There is a lot of anger in the air right now. Republicans are angry with Democrats. Democrats are angry with Republicans. Both right and left are angry with the “main-stream media.” Byron York reported a shouting match outside a McCain event. Someone fired a few gunshots at the home of a manager of the Central Florida Republican Headquarters.
Of course by this point everyone knows Ashley Todd’s story of an attack by a black Obama supporter, is completely false, but the true story of self abuse and attempted character assassination (of all African American Obama supporters) is as much evidence of heightened emotions as it is evidence that Todd is suffering from her own mental illness.
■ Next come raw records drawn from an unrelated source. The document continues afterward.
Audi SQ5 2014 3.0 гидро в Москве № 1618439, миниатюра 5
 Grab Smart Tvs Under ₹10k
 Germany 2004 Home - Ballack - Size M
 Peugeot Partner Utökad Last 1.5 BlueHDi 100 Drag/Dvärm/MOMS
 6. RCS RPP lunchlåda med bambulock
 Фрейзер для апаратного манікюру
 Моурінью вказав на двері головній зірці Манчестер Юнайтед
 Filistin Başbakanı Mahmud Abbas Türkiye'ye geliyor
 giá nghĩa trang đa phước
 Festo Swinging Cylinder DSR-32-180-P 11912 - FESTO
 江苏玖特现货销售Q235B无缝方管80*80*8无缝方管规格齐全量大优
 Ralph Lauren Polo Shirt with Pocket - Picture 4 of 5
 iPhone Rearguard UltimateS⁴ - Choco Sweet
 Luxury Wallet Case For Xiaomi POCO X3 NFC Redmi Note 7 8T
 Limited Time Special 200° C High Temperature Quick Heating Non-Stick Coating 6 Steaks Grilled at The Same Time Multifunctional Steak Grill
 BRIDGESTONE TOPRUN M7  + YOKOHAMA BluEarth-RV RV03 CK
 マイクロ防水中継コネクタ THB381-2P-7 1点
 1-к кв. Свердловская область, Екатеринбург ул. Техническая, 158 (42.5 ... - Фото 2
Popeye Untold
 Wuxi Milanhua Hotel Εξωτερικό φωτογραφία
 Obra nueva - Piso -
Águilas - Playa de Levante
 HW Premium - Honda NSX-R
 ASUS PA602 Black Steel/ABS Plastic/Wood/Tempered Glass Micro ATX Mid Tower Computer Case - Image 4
Anger is driving this election. Democrats are more than hopeful that just as in 2006 anger at George Bush will deliver them a big victory. Republicans reading the depressing poll numbers have already started imitating Democrats’ circular firing squads that have followed past Democratic defeats. So, in a real sense, John McCain’s recent expression of a litany of differences with the current occupant of the chair he hopes to inhabit, captured by Joseph Curl and Stephan Dinan of the Washington Times was simply confirmation that like Democrats and Independents, Republicans are also irked at George Bush.
George W. Bush is a uniter after all.
The level of anger nearly always rises in the closing weeks of a national election. Elections are hard fought. But this year, the financial crisis is adding a whole new level. The capitalists have let the whole capital system collapse. The “masters of the universe” who have been living a lifestyle most of us see only in fiction, are asking the rest of us for a handout just after making all of us a lot less wealthy.
Both the political and financial situations present a danger of over-reaction and both place a premium on restraint. We are not arguing that some amount of this anger is unjustified. Partisans will be able to point to outrageous statements and actions by the other side, and who isn’t angry at AIG executives who continued their champagne and caviar lifestyle after receiving a government bailout, or even the politicians – Republicans, but also many Democrats – who failed to recognize the need for greater regulation.
But there is a danger of over regulation and over reaction. The current global economic challenge will place a premium on cooperation and balance. Democrats and Republicans are going to have to present a united front as the U.S. works to find the right balance of policies, not only with Europe but also with Russia, China and OPEC.
While some Americans fret, wrongly, that America is drifting toward socialism, it must be remembered that Russia and China have been increasingly embracing capitalism for at least a decade. We are headed globally toward experiments in state capitalism where several European countries will have the greatest experience.
Should Obama win a week from Tuesday, it will be a dramatic rejection of George Bush’s economic policies and the right wing ideology of deregulation and tax cuts for businesses and the wealthy, a philosophy which has been dominant in the Republican Party since Ronald Reagan. But Democrats would make a serious mistake if they embrace left wing economics too tightly. Anyone who believes that either the economic philosophies of John Maynard Keynes or Milton Friedman hold a monopoly on correct policy was not paying close attention as each philosophy has run into difficulty when its adherents were in control of the global levers of policy.
Opinion polls are quite clear in saying that the public has no desire to replace conservative ideology with a liberal ideology. The public is tired of the bickering blaming and gridlock in Washington and they want to replace that with non-ideological political pragmatism. It is the passionate belief in ideology against all contrary evidence, as much as greed or stupidity, that has led us to where we are today, as Alan Greenspan as much as admitted when he testified before Congress last week. As Pema Chodron warns, “The truth you believe and cling to makes you unavailable to hear anything new.”
In the final days of the campaign, Obama is winning on the issues, and the Republicans have everything to gain by upsetting the apple cart. This means Obama’s supporters must take the lead from their candidate and, in the words of Stephan Sondheim in West Side Story, “stay cool, real cool.” At this point, and as Obama demonstrated in the debates, Democrats have everything to gain by not taking the bait.
Too much fire can be uncentered. We need to balance it with equal parts water and earth. We are entering a period where the conditions for growth must be nurtured.